The former is informed and in dialogue with stuff outside itself. It's an open system receiving new information from books, from other people, from changing experiences, and checking the validity of outside information against other outside information, not just against internally generated thoughts.
 
 
Regrettable Juvenilia
14:59 / 26.09.07
I personally thought the way people reacted to Moneyshot's descriptions of working with the Orixa Oshun in that thread was totally out of order. [and following]

I'm pretty disappointed by this. "Out of order" suggests to me that the interrogation of Moneyshot's posts in the thread in question should not have taken place. To my mind that is quite far away from the balance we need to strike between encouraging people to describe their own experiences and allowing other people to respond to those descriptions critically (the other extreme would be to sanction people to just tear into posts of that kind with "you just imagined it", etc).
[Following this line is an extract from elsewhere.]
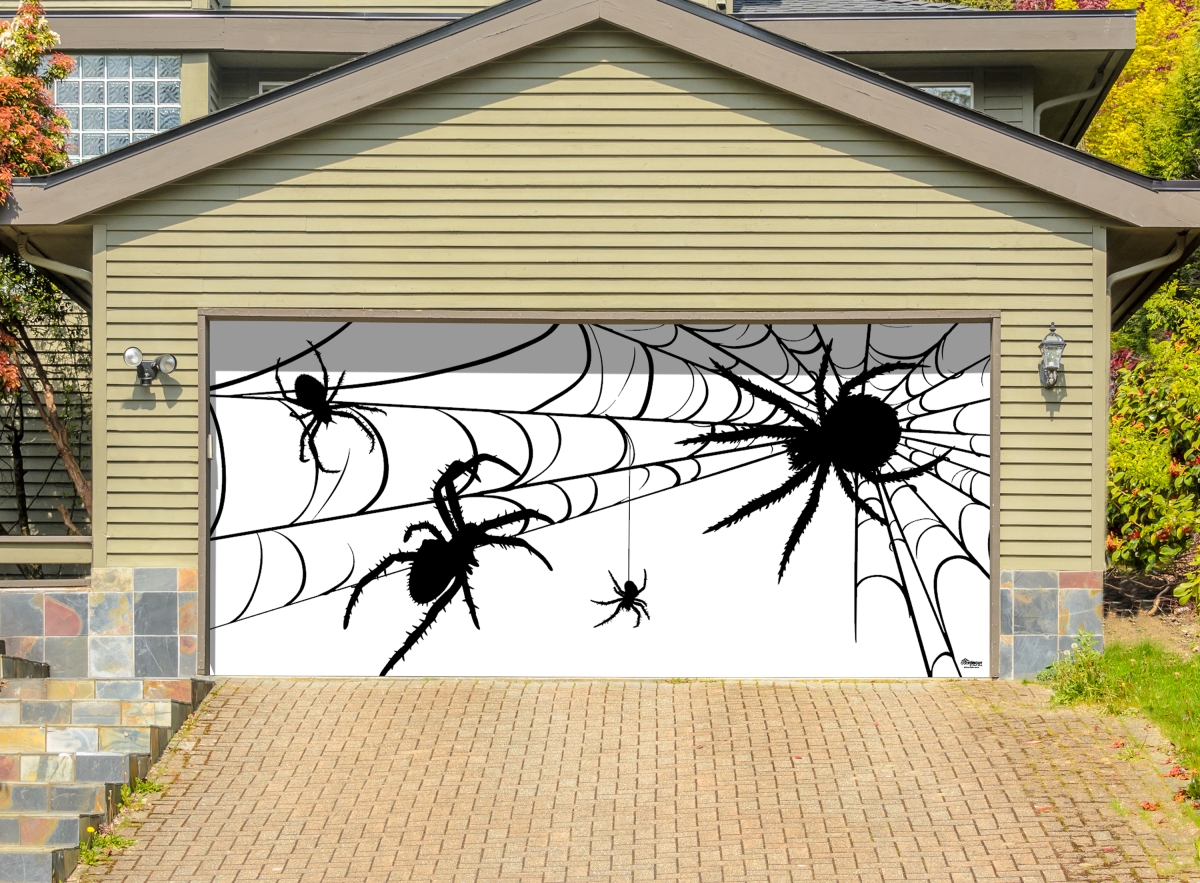 285905hall-012 7 X 16 Ft. Spiders Halloween Door Mural Sign Car Garage Banner Decor, Multi Color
Surely "But she actually is the African Goddess of Sexuality!" on its own is going to cut it as a defence about as much as "But Leviticus actually is the revealed Word of God!". The closest I can come to being sympathetic to this point of view is to ask whether it would have made a difference if the people who raised objections that had a political dimension had been people with more direct or secondary knowledge of the Orixa Oshun.

I also think you're missing the point if you think that it makes any difference whether he was talking about a random girl on the Tube or not. If people feel that someone's posts contain what sounds rather like female beings of color being sexualized in an unpleasantly familiar way, they have a right to at the very least question that, no matter what the reference point. Without that right, Barbelith is not going to be a place where women of colour feel welcome, which matters more to me, personally, than whether people who've had spiritual experiences that involve sexualised female beings of colour feel welcome here.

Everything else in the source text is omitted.